# Support Vector Machines

Support Vector Machines (SVMs) are a powerful supervised learning algorithm used for both **classification** and **regression**. SVMs establish a hyperplane that separates the two classes by maximizing the margin.

In [None]:
%matplotlib inline

import matplotlib.pyplot as plt

from scipy import stats

import random
import seaborn

import numpy as np
import pandas as pd
import pylab as pl

import sklearn

from sklearn.tree import DecisionTreeClassifier
from sklearn.datasets import make_blobs, make_circles
from sklearn.model_selection import train_test_split

from sklearn.svm import SVC
from sklearn.metrics import accuracy_score, f1_score

seaborn.set()

## A Simple Example

In [None]:
X, y = make_blobs(n_samples=60, centers=2, random_state=0, cluster_std=0.60)
plt.scatter(X[:, 0], X[:, 1], c=y, s=50, cmap='spring')
plt.xlim(-1, 3.5);

We fit a support vector machine with a linear kernel.

In [None]:
clf = SVC(kernel='linear')
clf.fit(X, y)

We plot the decision boundary. In the following plot the dashed lines touch the *support vectors*, which are stored in the ``support_vectors_`` attribute of the classifier.

In [None]:
def plot_svc_decision_function(clf, ax=None):
    """Plot the decision function for a 2D SVC"""
    if ax is None:
        ax = plt.gca()
    x = np.linspace(plt.xlim()[0], plt.xlim()[1], 30)
    y = np.linspace(plt.ylim()[0], plt.ylim()[1], 30)
    Y, X = np.meshgrid(y, x)
    P = np.zeros_like(X)
    for i, xi in enumerate(x):
        for j, yj in enumerate(y):
            P[i, j] = clf.decision_function([[xi, yj]])
    # plot the margins
    ax.contour(X, Y, P, colors='k', levels=[-1, 0, 1], alpha=0.5, linestyles=['--', '-', '--'])
    
plt.scatter(X[:, 0], X[:, 1], c=y, s=50, cmap='spring')
plot_svc_decision_function(clf)

We additoonally highlight the support vectors

In [None]:
plt.scatter(X[:, 0], X[:, 1], c=y, s=50, cmap='spring')
plt.scatter(clf.support_vectors_[:, 0], clf.support_vectors_[:, 1], s=200, facecolors='none',edgecolors="black");
plot_svc_decision_function(clf)

The dataset above was non-overlapping (or linearly separable), which means we could come up with a hyperplane that separated the dataset perfectly. Let us now consider a dataset where no perfect separation is possible. In this case the SVM tries to minimize the datapoints lying on the wrong side of the hyperplane. These datapoints are considered support vectors as well.

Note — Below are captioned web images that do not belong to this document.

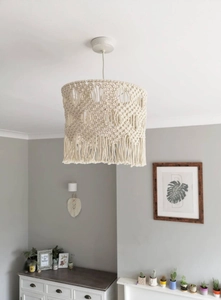 Détails de tissage macramé fait main et franges sur cet abat-jour de style bohème chic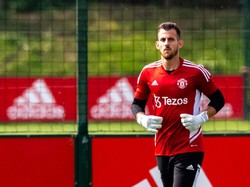 Selain Antony, rekrutan hari terakhir Martin Dubravka juga terlihat dalam sesi latihan MU. Foto: Manchester United via Getty Imag/Ash Donelon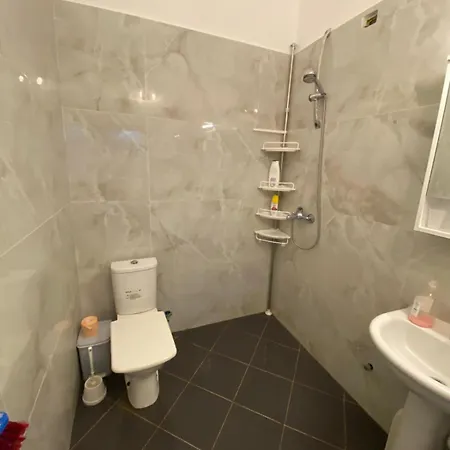 Aura - Apartmán Golem (Tirana)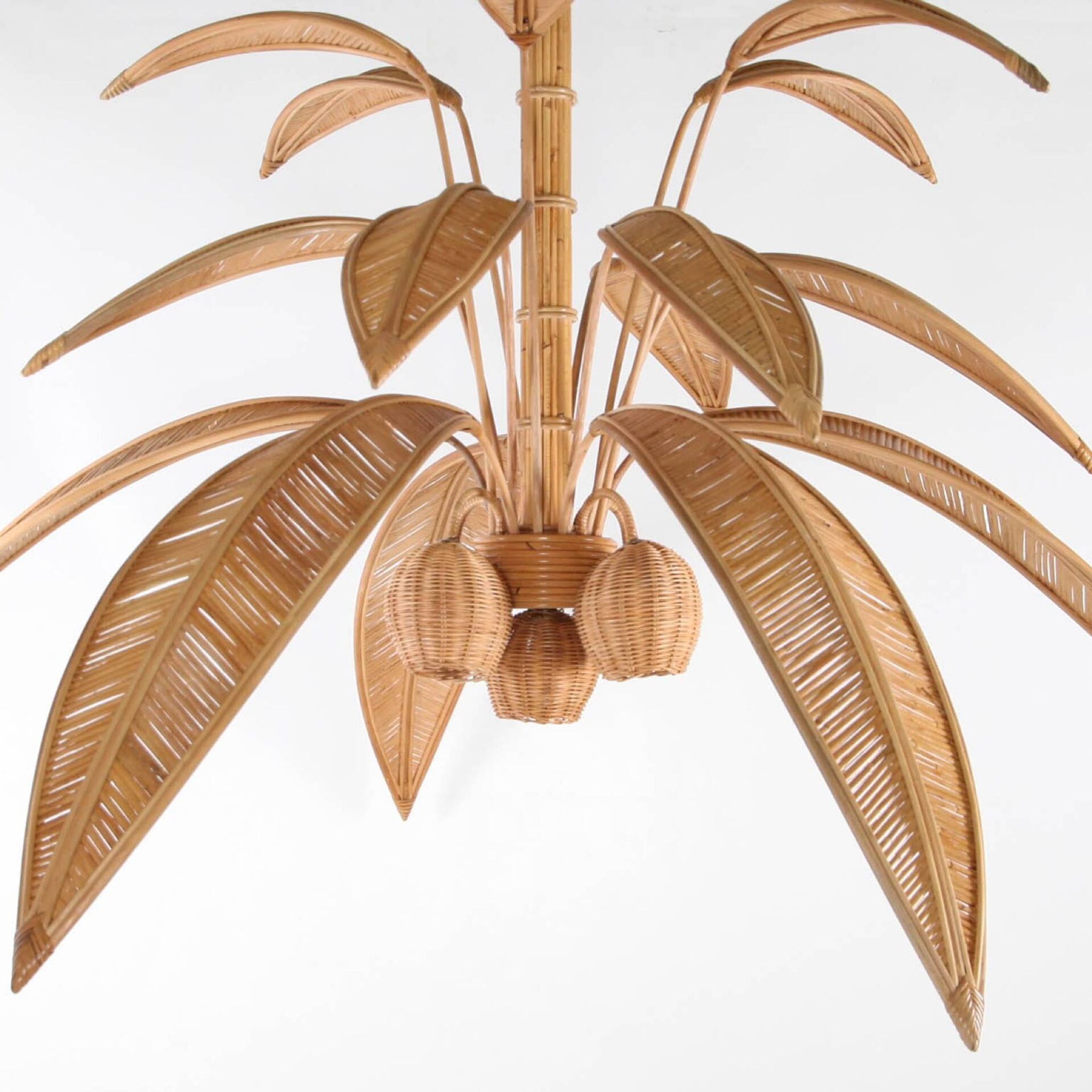 Grand lustre « cocotier » « palmier » en rotin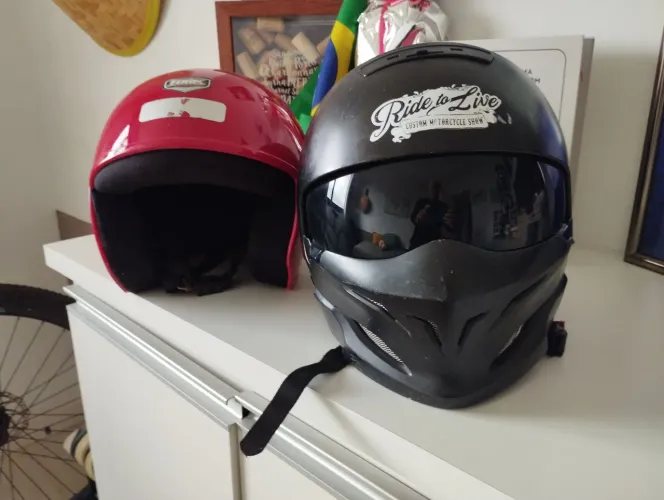 Vendo 2 capacetes de moto os 2 por 30,00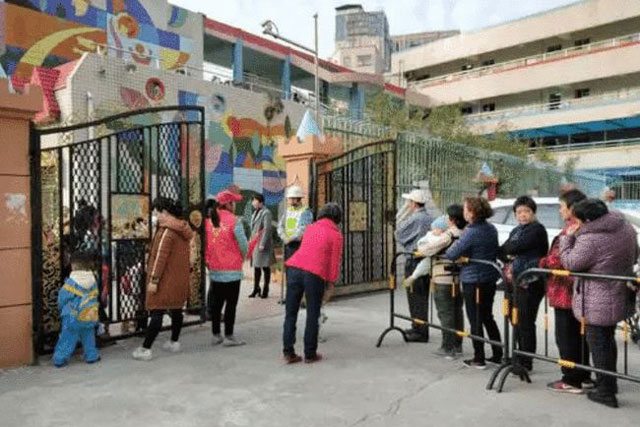 Chờ mãi mới thấy chồng đón con đi học về, nhưng vừa nhìn mặt con, mẹ lăn đùng ngất xỉu: Chẳng lẽ viết đơn ly dị cho đỡ bực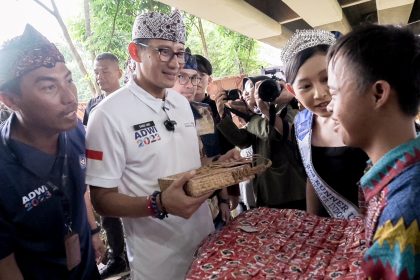 Menparekraf Sandiaga Salahuddin Uno saat meninjau produk UMKM Desa Wisata Keranggan, Tangsel (7/5/2023). Sumber Foto: kemenparekraf.go.id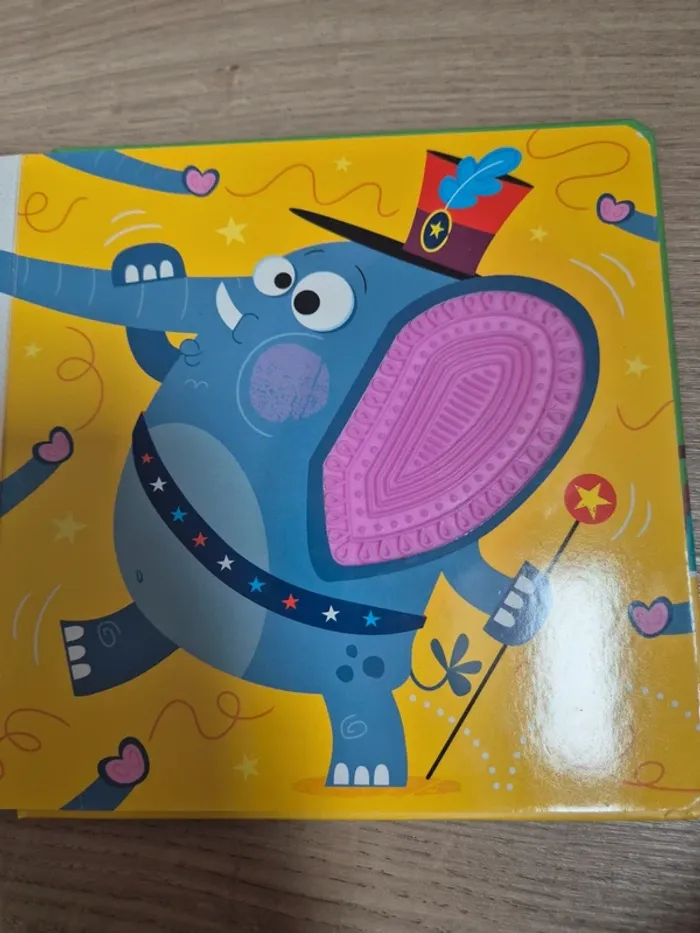 Livre à toucher Il ne faut pas - photo numéro 4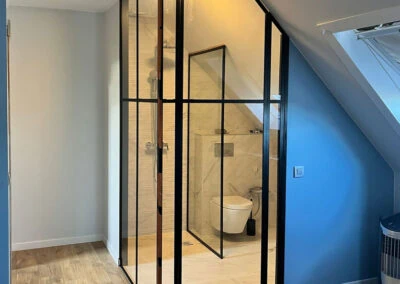 Glazen scheiding tussen badkamer en slaapkamer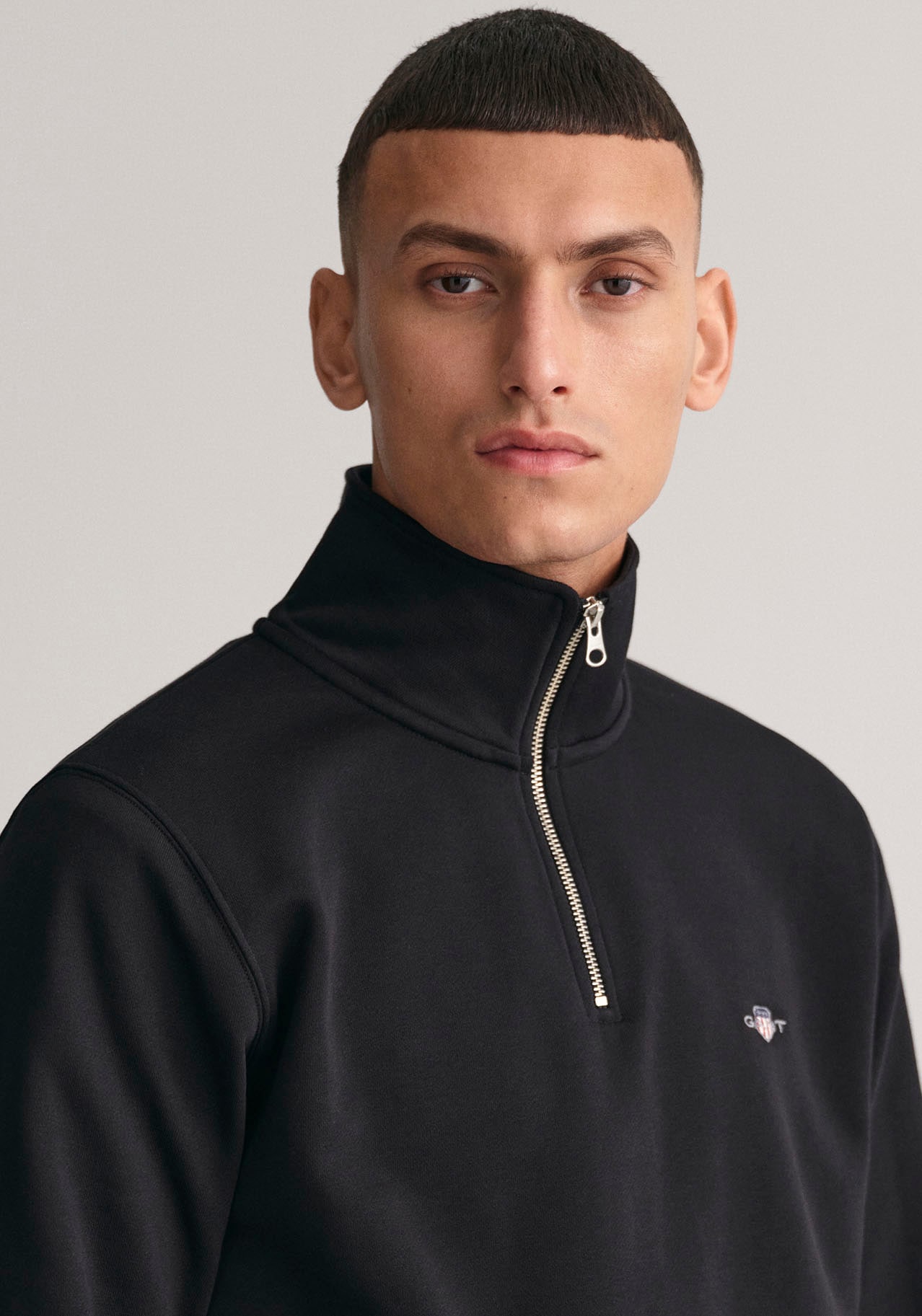 Gant Sweatshirt »REG SHIELD HALF ZIP SWEAT«, mit Logostickerei auf der Brust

At first, we generate the datapoints of the first class by sampling from a normal distribution with standard deviation 1.3 and mean (2,4)

In [None]:
num_entries=100
X=np.zeros((2*num_entries,2))

for i in range(0,num_entries):
    X[i,0]=np.random.normal()*1.3+2
    X[i,1]=np.random.normal()*1.3+4
y = num_entries*[0]

Next, we sample the data points from the second class with standard deviation 1.0 and mean (1,0). 

In [None]:
for i in range(num_entries,2*num_entries):
    X[i,0]=np.random.normal()+1
    X[i,1]=np.random.normal()
y2 = num_entries*[1]

Let us combine the class vectors `y` and `y2`

In [None]:
y.extend(y2)

assert len(X) == len(y)

Let us visualize the generated data

In [None]:
plt.scatter(X[:, 0], X[:, 1], c=y, s=50, cmap='spring')
_ = plt.xlim(-1, 3.5)

Now fit a linear SVM to find the best separating hyperplane.

In [None]:
clf = SVC(kernel='linear')
clf.fit(X, y)

Let us again visualize the hyperplane and the support vectors.

In [None]:
plt.scatter(X[:, 0], X[:, 1], c=y, s=50, cmap='spring')
plt.scatter(clf.support_vectors_[:, 0], clf.support_vectors_[:, 1], s=200, facecolors='none',edgecolors="black");
plot_svc_decision_function(clf)
_ = plt.xlim(-1, 3.5)

## Support Vector Machine with Kernels

Kernels are useful when the decision boundary is not linear. A Kernel is a similarity measure of two data points after projection to some higher dimensional space. Let us generate a data set that is even less linearly separable than the one before.

In [None]:
X_circles, y_circles = make_circles(100, factor=.1, noise=.1)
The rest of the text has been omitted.